Data below =
%%

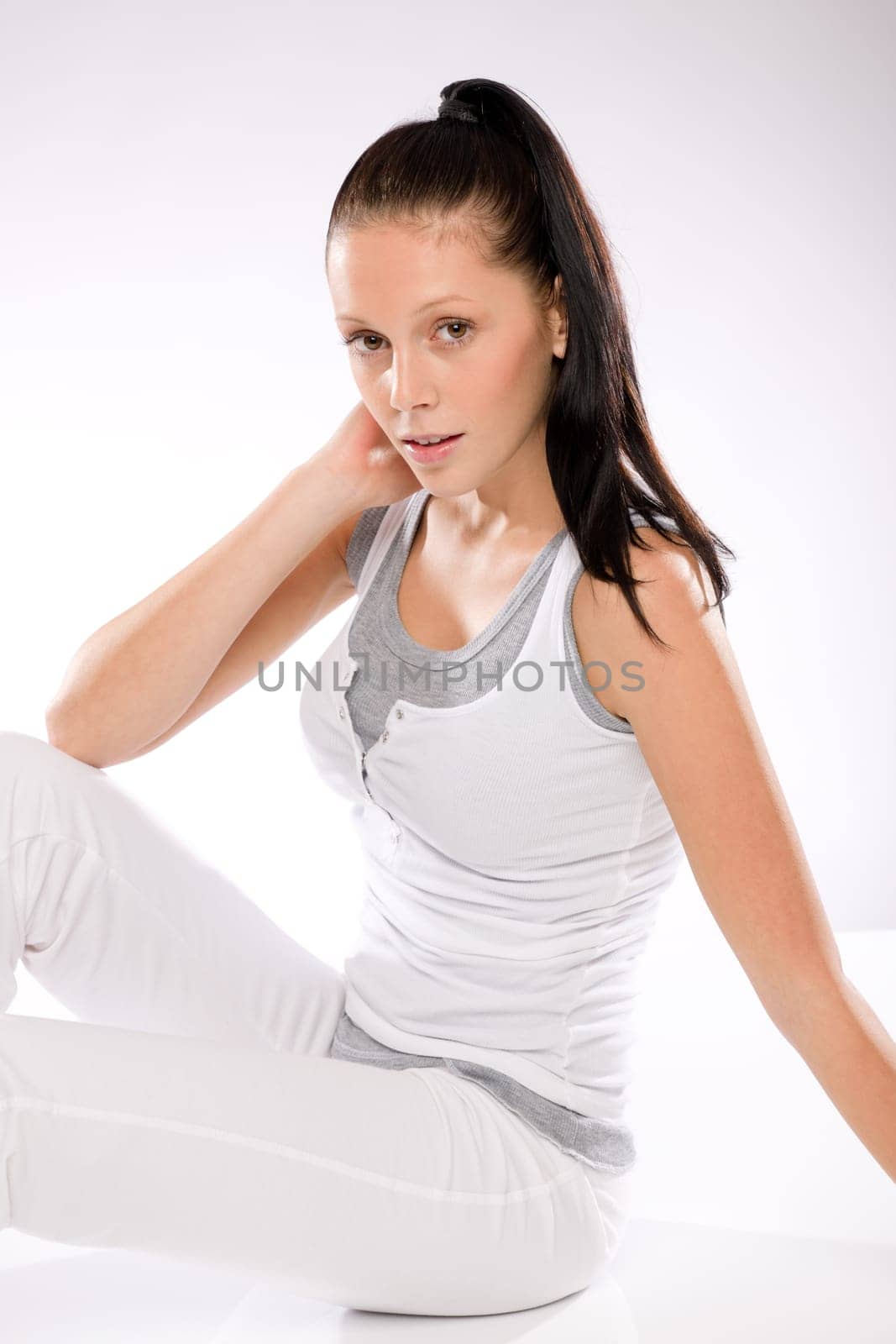 Young Caucasian woman thirsty after exercising relaxing on white background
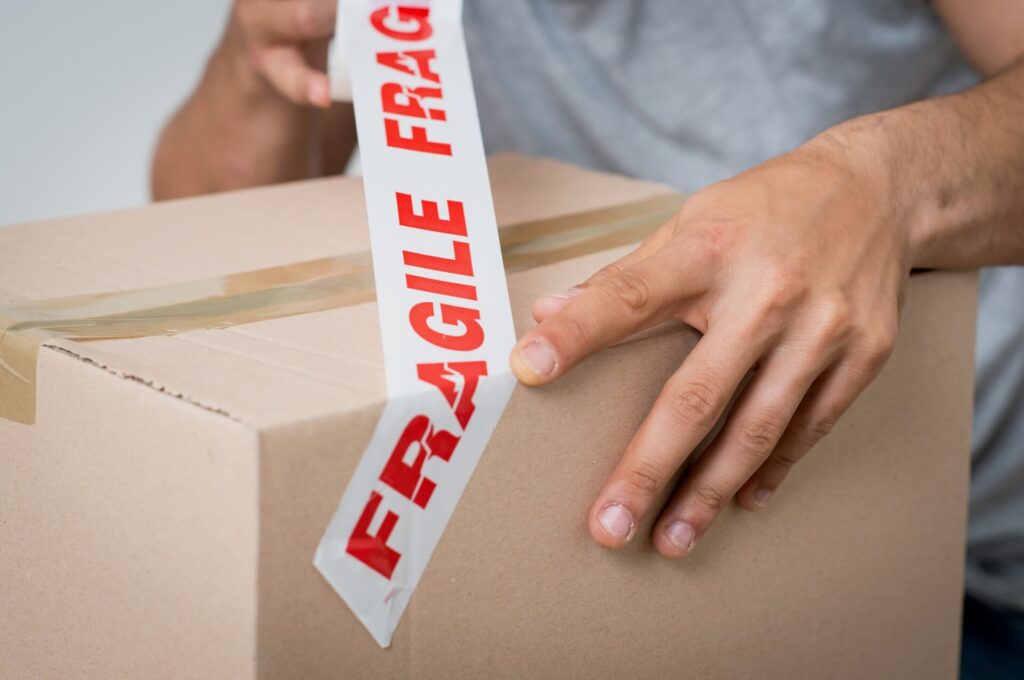 Man labeling a box with a fragile sticker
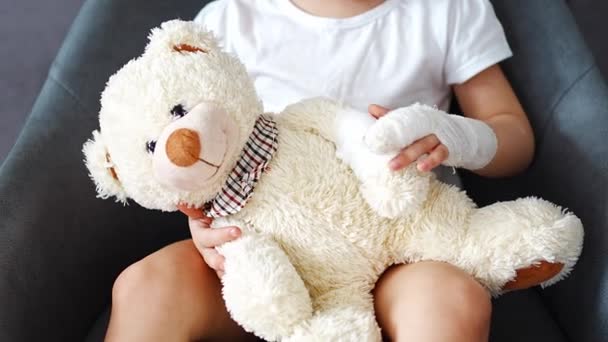 Kleines Mädchen Mit Gebrochenem Finger Hält Teddybär Mit Bandagierter Pfote — Stockvideo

%%

What is being asked = The required output is the span of lines from the line with "Man labeling a box with a fragile sticker" through the final line of the listing above, reproduced exactly, minus the pictures.

Exercise output =
 Man labeling a box with a fragile sticker
 Kleines Mädchen Mit Gebrochenem Finger Hält Teddybär Mit Bandagierter Pfote — Stockvideo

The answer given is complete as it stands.